### TO DO
What is needed is an exact copy of the lines in the listing below, from the one with "BKE Women’s Olive" up to and including the one with "TaylorMade Burner Rescue", with no other lines.

**** RECORDS FOR THE TASK

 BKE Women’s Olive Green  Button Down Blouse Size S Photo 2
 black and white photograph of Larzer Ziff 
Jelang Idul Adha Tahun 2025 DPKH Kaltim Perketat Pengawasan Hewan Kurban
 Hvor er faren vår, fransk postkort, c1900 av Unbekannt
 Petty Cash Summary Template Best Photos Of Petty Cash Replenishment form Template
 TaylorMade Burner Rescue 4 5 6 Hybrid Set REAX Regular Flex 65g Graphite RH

********
**** RECORDS FOR THE TASK

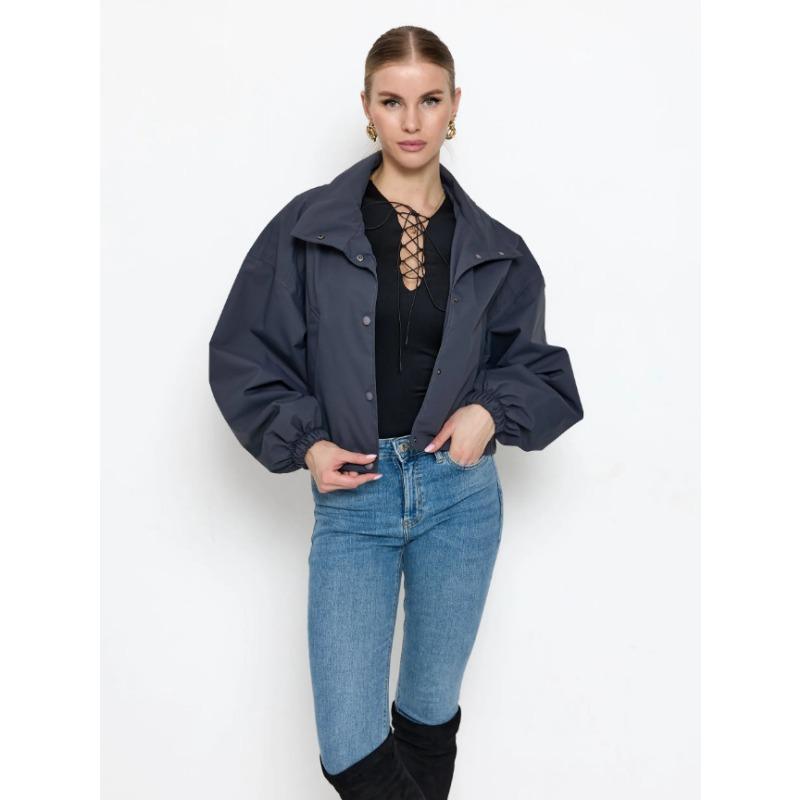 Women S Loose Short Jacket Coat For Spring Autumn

********
**** RECORDS FOR THE TASK

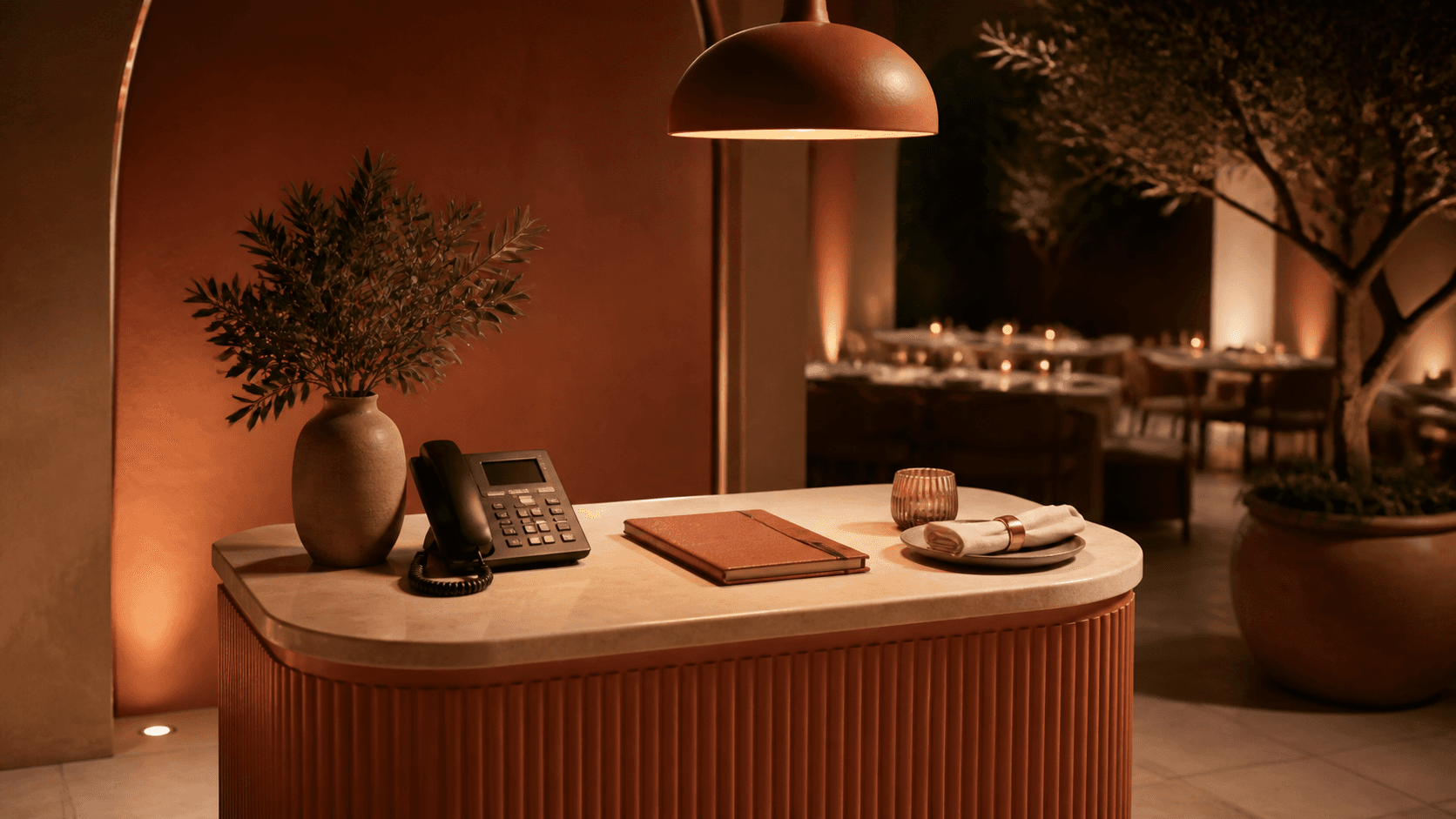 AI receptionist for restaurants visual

********

### SOLVED EXERCISE
 BKE Women’s Olive Green  Button Down Blouse Size S Photo 2
 black and white photograph of Larzer Ziff 
Jelang Idul Adha Tahun 2025 DPKH Kaltim Perketat Pengawasan Hewan Kurban
 Hvor er faren vår, fransk postkort, c1900 av Unbekannt
 Petty Cash Summary Template Best Photos Of Petty Cash Replenishment form Template
 TaylorMade Burner Rescue 4 5 6 Hybrid Set REAX Regular Flex 65g Graphite RH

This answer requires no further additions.